Source material:

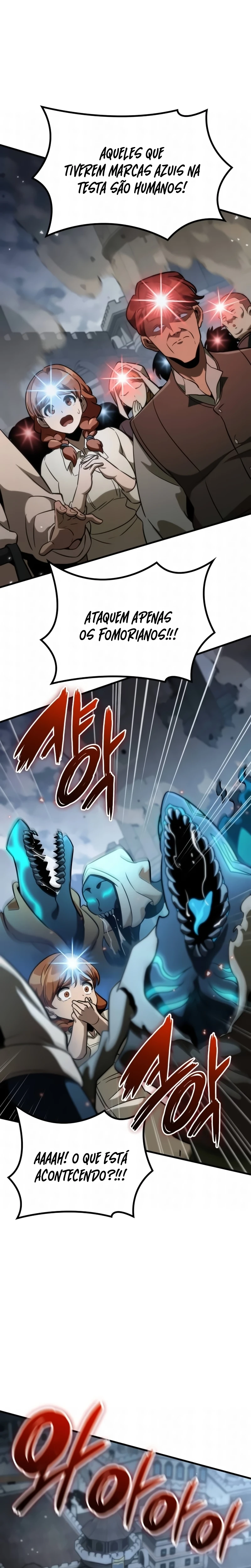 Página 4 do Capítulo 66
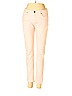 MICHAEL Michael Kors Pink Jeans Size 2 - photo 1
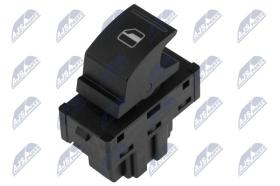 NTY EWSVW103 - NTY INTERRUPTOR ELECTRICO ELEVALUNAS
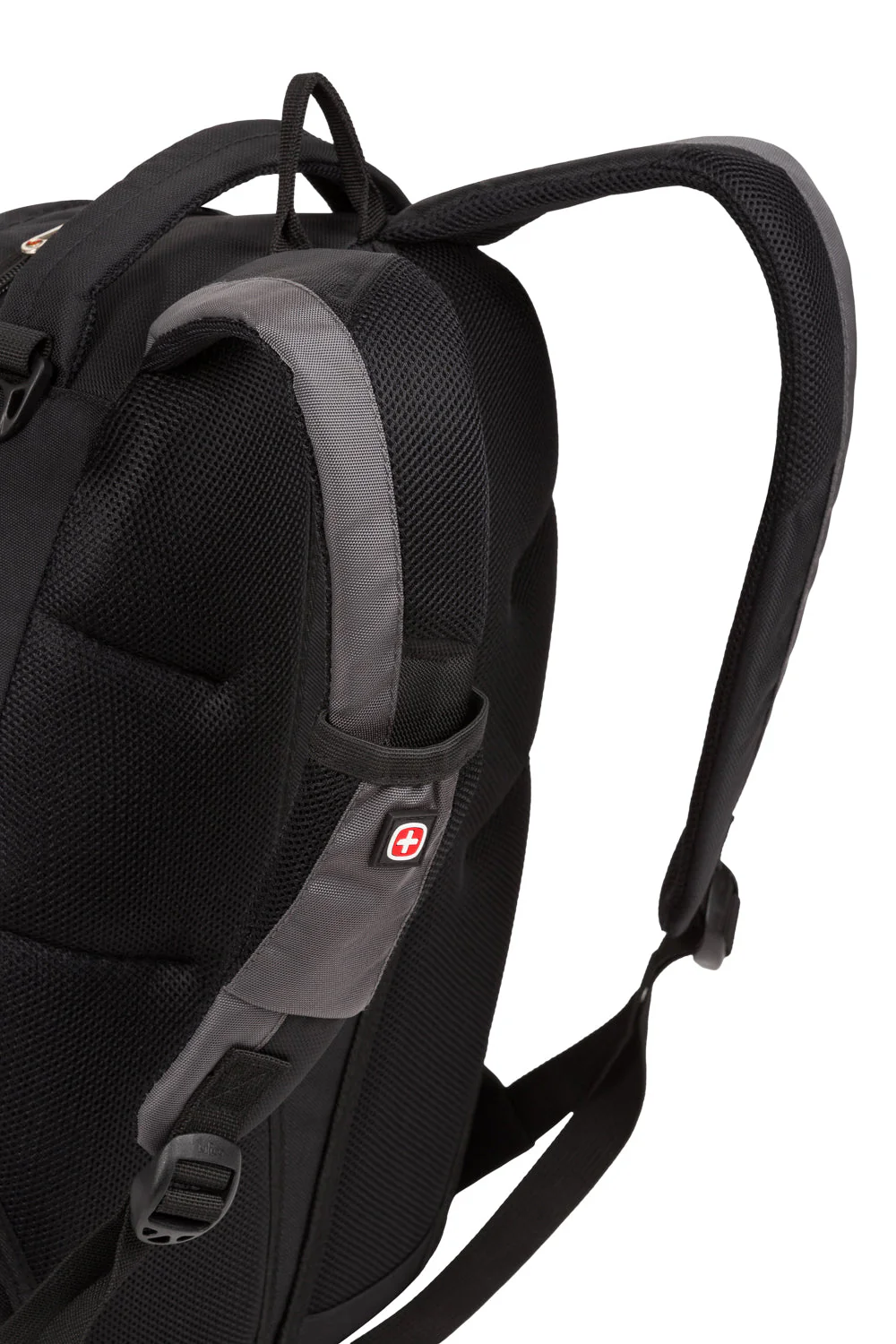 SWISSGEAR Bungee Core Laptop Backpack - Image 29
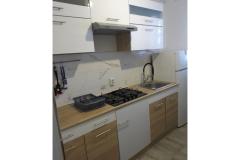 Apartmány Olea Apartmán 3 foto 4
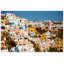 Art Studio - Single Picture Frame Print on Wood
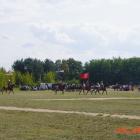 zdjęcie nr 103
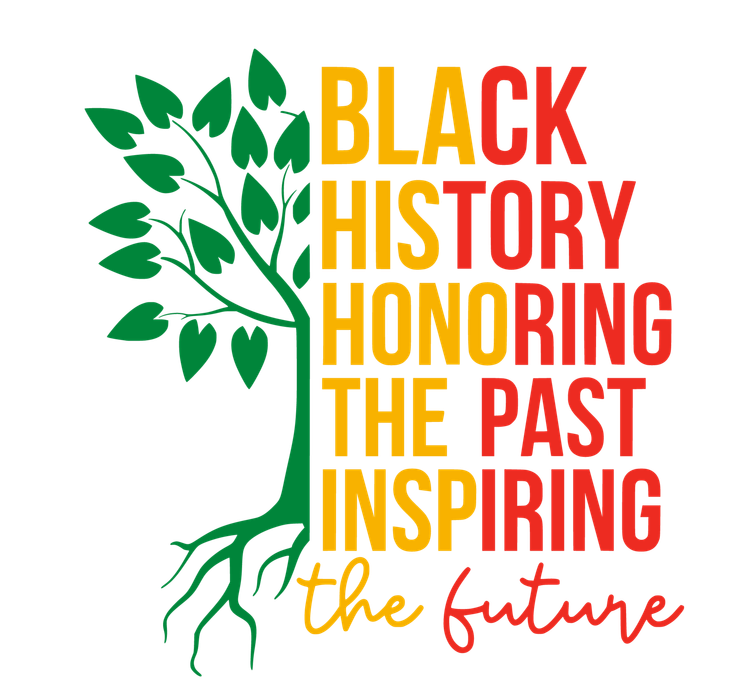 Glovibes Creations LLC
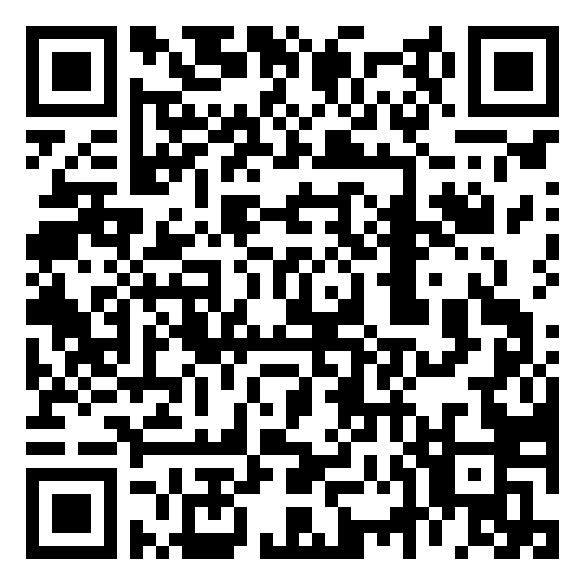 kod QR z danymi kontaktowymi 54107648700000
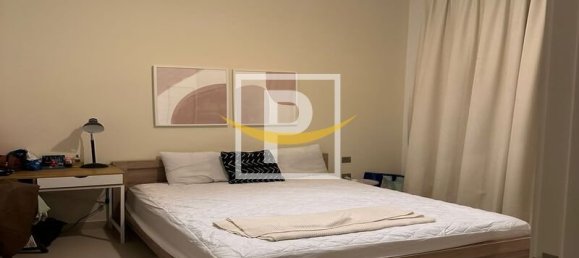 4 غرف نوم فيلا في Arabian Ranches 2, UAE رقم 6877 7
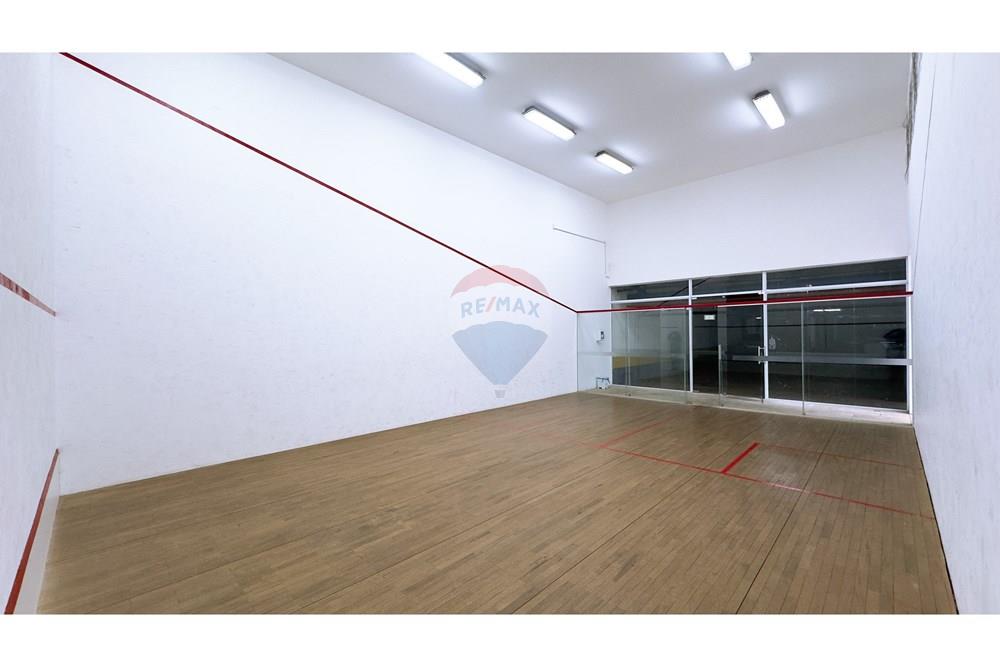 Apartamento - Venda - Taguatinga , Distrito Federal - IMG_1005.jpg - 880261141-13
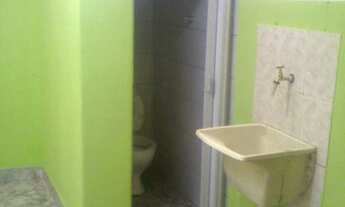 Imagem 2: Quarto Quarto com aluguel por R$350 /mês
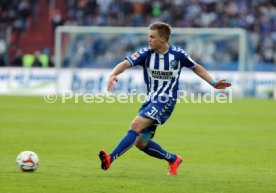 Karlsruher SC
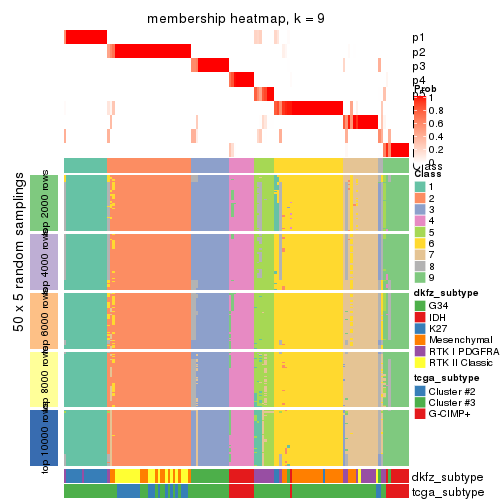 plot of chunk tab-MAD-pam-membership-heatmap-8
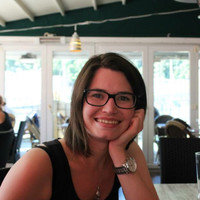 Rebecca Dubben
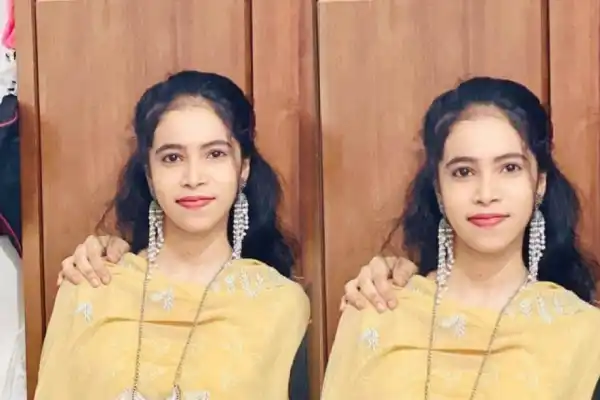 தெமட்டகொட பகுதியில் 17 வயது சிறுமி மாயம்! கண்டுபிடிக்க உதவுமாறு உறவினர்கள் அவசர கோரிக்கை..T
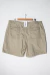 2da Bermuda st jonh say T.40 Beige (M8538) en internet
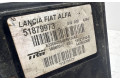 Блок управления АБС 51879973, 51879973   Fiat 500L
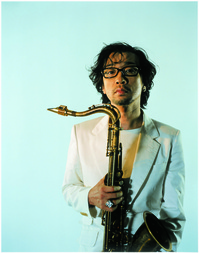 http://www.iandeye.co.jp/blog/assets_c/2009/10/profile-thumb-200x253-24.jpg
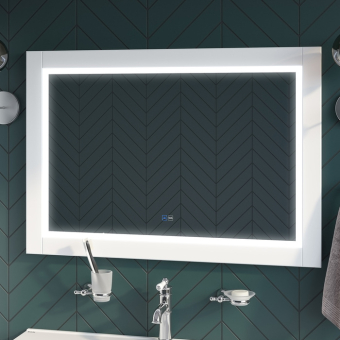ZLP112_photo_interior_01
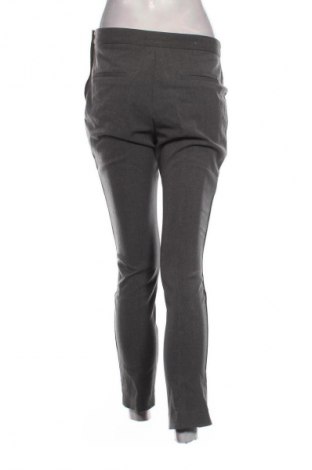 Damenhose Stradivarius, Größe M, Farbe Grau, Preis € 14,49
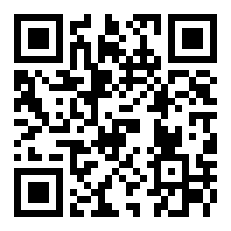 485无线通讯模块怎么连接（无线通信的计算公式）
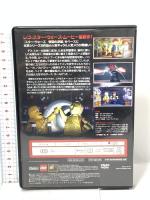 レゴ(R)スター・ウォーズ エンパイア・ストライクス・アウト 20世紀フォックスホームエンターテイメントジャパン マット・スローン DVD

Task instructions: Retype precisely, and only, the lines from the one holding "Apartamento - Venda" through the final line of the data above, with the pictures omitted.

Final answer:
 Apartamento - Venda - Taguatinga , Distrito Federal - IMG_1005.jpg - 880261141-13
 Imagem 2: Quarto Quarto com aluguel por R$350 /mês
 Karlsruher SC
 plot of chunk tab-MAD-pam-membership-heatmap-8
 Rebecca Dubben
 தெமட்டகொட பகுதியில் 17 வயது சிறுமி மாயம்! கண்டுபிடிக்க உதவுமாறு உறவினர்கள் அவசர கோரிக்கை..T
 2da Bermuda st jonh say T.40 Beige (M8538) en internet
 Блок управления АБС 51879973, 51879973   Fiat 500L
 http://www.iandeye.co.jp/blog/assets_c/2009/10/profile-thumb-200x253-24.jpg
ZLP112_photo_interior_01
 Damenhose Stradivarius, Größe M, Farbe Grau, Preis € 14,49
 485无线通讯模块怎么连接（无线通信的计算公式）
 レゴ(R)スター・ウォーズ エンパイア・ストライクス・アウト 20世紀フォックスホームエンターテイメントジャパン マット・スローン DVD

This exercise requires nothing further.